The documents also shed light on purported infighting over the Vatican Bank's compliance with international money-laundering regulations.

A television show in late January on an independent network first revealed letters addressed last year to Pope Benedict XVI from the then-deputy governor of Vatican City, Archbishop Carlo Maria Vigano.

Vigano complained of corruption within the church and protested orders to remove him from his post and send him to be the papal nuncio, or ambassador, to Washington.

Under Vigano's watch, the Holy See balance sheet went from $10 million in the red to almost $45 million in the black in just 12 months.

By being kicked upstairs, Vigano wrote, his efforts to clean up the Vatican would be stopped and would also tarnish the pontiff's image by bringing into question his resolve to establish transparency inside the Vatican.

The TV program later broadcast an interview with a man it said was a Vatican insider who had leaked some of the documents.

The man, whose face and voice were disguised, said he was motivated by anger "because there is a complicity of silence in the Vatican to prevent the truth from coming out."

A second round of leaked documents focused on financial mismanagement.

A Previous Banking Scandal

The Vatican Bank was enmeshed in scandals 30 years ago involving allegations of money-laundering and mafia connections.
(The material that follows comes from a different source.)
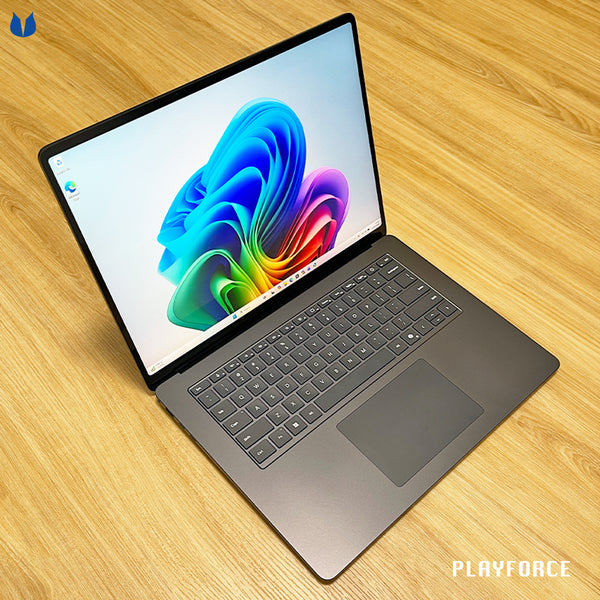 Surface Laptop 7 (Snapdragon X Elite, 16GB, 512GB, 15-inch)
Today, it wants to join the list of countries that share financial information. That would help rid the Holy See of its reputation for shady transactions and as a tax haven.

The U.S. State Department has put the Vatican on a list of countries of concern for money laundering or other financial crimes.

Robert Mickens, correspondent for the Catholic weekly The Tablet, says the Vatican Bank is run with great secrecy.

"You know, like a Swiss bank account, hiding funds," Mickens says. "It's suspicion, but many of the regulators think it is well-founded suspicion."

Italian authorities are investigating the origin of $33 million in Vatican funds deposited in Italian banks. The Italian media have reported that JP Morgan Chase is closing the Vatican Bank's account with its Milan branch because it felt the Holy See had failed to provide sufficient data on money transfers.

Updating Vatican Laws

Last year, under orders from the pope, the Vatican passed internal legislation to bring it in line with international standards to prevent money laundering.

But one of the leaked documents claims the Vatican Bank is sidestepping full compliance with international regulations concerning past transactions.

The Vatican has never denied the authenticity of the various leaked documents.

But Vatican spokesman Father Federico Lombardi reacted angrily on Vatican Radio.

"The U.S. government had Wikileaks, the Vatican now has its leaks," Lombardi said. "They create confusion and bewilderment, showing the Vatican and the Catholic Church in a bad light. Reporters should use reason — something not everyone in the media tends to do."

Veteran Vatican analyst Marco Politi says, "These Vatileaks are the sign of a deep crisis within the government of the pope."

He says the leaks do not reflect a dispute between liberals and conservatives within the Church, but rather a deep malaise over Benedict's governance.

"He has not the sense of the government, of the leadership, he has no geopolitical vision, there have been so many crises in his papacy like it never happened in the last 100 years of other popes," Politi says.

The Vatican has opened three separate investigations into the leaks, including a criminal probe. But it's unclear what punishment those responsible would face.

And a public trial could pose a severe challenge for a 2,000-year-old institution accustomed to secrecy.